* **WHAT THIS TASK INVOLVES**: Below are some records. Print exactly the lines between the one holding "4 pcs handle kuningan + 1 set bodykunci" and the one holding "Camiseta Masculina Básica", inclusive, and nothing else.

* **THE RECORDS**:
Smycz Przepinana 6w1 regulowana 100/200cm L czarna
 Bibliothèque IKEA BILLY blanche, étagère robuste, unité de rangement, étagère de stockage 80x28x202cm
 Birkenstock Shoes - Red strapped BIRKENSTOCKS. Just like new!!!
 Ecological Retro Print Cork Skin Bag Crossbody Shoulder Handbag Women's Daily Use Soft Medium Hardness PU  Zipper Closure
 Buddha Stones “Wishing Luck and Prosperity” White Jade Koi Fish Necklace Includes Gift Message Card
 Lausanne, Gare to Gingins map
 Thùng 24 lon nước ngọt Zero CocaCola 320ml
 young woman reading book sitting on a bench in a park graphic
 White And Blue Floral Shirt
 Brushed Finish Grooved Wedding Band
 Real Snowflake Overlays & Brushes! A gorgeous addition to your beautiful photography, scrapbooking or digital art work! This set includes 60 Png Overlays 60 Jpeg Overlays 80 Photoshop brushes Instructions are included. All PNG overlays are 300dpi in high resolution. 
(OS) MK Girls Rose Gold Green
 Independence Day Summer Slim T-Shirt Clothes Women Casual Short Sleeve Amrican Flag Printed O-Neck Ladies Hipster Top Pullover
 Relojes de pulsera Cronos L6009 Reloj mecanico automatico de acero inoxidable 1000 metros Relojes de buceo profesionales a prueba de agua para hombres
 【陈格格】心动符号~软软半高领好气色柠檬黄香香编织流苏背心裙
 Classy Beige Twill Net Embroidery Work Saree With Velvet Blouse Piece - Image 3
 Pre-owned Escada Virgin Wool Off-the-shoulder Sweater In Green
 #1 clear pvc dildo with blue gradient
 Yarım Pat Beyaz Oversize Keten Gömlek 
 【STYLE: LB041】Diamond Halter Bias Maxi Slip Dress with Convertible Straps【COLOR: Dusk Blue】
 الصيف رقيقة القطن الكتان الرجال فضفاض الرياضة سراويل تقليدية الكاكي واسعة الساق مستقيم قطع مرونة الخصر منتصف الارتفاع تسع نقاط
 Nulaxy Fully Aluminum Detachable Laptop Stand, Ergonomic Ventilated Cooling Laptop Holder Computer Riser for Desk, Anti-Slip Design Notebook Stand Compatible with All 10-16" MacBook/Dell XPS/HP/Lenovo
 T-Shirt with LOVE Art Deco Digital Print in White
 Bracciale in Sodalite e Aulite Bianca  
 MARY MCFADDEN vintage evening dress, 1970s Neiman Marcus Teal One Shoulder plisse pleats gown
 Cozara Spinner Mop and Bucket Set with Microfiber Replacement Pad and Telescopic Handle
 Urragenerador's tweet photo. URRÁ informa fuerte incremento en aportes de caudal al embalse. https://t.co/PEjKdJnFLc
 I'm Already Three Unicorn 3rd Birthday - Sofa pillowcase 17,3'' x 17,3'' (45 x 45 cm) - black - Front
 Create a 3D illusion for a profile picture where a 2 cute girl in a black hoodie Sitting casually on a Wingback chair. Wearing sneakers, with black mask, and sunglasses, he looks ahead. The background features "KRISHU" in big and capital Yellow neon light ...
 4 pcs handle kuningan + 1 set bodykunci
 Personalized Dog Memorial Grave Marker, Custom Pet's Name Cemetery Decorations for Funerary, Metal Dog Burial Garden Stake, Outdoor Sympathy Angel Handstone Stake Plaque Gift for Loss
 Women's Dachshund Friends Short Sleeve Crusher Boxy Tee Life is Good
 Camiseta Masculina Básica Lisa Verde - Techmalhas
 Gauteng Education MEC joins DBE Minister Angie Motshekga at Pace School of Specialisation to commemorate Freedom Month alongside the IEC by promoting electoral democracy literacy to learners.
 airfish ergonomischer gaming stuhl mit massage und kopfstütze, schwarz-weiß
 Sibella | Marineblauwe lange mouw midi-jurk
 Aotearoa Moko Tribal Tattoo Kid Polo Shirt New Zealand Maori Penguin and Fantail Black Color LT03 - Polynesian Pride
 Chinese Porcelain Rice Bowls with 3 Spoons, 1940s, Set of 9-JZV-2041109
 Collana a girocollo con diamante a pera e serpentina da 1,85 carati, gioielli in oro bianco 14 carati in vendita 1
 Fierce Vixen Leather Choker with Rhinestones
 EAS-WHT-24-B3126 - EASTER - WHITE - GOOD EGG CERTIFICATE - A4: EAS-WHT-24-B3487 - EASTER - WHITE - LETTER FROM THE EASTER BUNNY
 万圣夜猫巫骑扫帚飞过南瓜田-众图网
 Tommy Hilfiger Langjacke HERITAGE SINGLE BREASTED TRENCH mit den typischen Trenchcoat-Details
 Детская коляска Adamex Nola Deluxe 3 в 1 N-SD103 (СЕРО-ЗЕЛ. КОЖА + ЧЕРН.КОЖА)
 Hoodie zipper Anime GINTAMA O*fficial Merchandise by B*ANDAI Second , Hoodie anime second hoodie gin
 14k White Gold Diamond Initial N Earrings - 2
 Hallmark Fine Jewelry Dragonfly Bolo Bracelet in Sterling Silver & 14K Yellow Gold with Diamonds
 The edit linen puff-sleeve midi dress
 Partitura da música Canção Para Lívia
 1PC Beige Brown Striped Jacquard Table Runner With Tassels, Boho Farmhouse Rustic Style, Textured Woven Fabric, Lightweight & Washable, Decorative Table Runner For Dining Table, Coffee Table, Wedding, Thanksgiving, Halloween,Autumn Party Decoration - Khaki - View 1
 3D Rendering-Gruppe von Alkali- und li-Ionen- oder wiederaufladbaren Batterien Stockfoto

* **SOLUTION FOR THIS TASK**:
 4 pcs handle kuningan + 1 set bodykunci
 Personalized Dog Memorial Grave Marker, Custom Pet's Name Cemetery Decorations for Funerary, Metal Dog Burial Garden Stake, Outdoor Sympathy Angel Handstone Stake Plaque Gift for Loss
 Women's Dachshund Friends Short Sleeve Crusher Boxy Tee Life is Good
 Camiseta Masculina Básica Lisa Verde - Techmalhas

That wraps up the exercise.